À cet effet, le Président de la Cellule de crise du Front Commun pour le Congo, Raymond Tshibanda s'est exprimé sur la question, évoquant l'instrumentalisation de la Justice, au mépris du sacro-saint principe démocratique de l’indépendance du pouvoir judiciaire.
Ces invitations, d'après lui interviennent dans un contexte marqué par la multiplication, depuis quelques temps, des accusations infondées et des allégations mensongères de soutien à la déstabilisation du pays, dont est victime son Autorité Morale, Joseph Kabila Kabange, Président de la République Honoraire.
Il renchérit que ces invitations ne sont, ni plus ni moins, qu'une énième tentative du pouvoir tyrannique de Kinshasa d'intimider et de museler les cadres et membres du FCC, dont le PPRD est le fer de lance et, par-delà, tous ceux qui, dans notre pays, ont choisi, non pas la soumission, mais la résistance à la dictature.

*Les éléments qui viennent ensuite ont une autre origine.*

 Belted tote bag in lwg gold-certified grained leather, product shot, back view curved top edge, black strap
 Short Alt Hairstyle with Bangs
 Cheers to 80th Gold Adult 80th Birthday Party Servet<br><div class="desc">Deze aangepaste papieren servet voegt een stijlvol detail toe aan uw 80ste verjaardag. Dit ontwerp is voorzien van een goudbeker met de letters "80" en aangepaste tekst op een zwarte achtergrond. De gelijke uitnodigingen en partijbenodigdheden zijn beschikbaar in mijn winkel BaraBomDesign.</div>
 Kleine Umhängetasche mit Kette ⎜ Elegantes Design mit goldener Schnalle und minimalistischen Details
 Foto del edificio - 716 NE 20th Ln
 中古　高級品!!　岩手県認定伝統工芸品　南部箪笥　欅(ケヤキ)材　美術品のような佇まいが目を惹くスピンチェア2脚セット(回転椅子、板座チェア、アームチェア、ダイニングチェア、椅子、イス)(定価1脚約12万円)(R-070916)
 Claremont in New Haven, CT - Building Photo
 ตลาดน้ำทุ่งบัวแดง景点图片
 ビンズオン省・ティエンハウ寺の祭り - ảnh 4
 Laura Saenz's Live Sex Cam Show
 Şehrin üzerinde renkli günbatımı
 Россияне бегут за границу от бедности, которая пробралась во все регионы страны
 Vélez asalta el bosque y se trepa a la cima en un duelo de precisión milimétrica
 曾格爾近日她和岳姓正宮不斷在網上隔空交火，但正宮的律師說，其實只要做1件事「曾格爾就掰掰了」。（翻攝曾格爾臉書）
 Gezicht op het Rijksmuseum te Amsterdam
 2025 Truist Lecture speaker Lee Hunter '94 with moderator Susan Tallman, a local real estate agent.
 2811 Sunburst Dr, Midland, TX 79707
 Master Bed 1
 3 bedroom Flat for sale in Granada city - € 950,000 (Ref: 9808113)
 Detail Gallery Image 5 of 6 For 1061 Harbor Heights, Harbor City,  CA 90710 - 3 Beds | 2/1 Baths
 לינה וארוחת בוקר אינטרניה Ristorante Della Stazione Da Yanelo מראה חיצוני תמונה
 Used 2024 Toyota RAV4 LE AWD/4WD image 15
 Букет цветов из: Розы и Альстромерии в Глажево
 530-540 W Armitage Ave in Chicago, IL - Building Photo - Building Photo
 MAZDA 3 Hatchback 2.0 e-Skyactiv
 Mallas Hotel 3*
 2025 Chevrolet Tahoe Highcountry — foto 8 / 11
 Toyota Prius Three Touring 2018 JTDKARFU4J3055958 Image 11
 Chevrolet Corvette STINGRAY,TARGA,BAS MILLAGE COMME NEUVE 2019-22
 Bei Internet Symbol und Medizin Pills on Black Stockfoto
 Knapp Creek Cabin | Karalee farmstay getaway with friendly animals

Il dit constaté, parallèlement à ces invitations à comparaître adressées à ses cadres, le Cabinet du Ministre de la Justice, Garde des Sceaux, a rendu public un communiqué, portant le n°082 et annonçant que lesdites invitations s’inscrivent dans le cadre des interpellations et auditions de certains hauts cadres du PPRD soupçonnés de complicité avec le mouvement AFC/M23. Il a en suite condamné fermement la publication de ce communiqué qui selon lui « viole », aussi bien le droit à la présomption d’innocence des personnes invitées, pourtant garantie par la Constitution, que le caractère censé être secret de l’instruction pré-juridictionnelle
Ensuite, il rejette donc la mesure de restriction d'une des libertés fondamentales de ces compatriotes, à savoir, le droit d'aller et de venir, que représente l’interdiction, leur faite dans ce même communiqué, de quitter le territoire national jusqu’à nouvel ordre.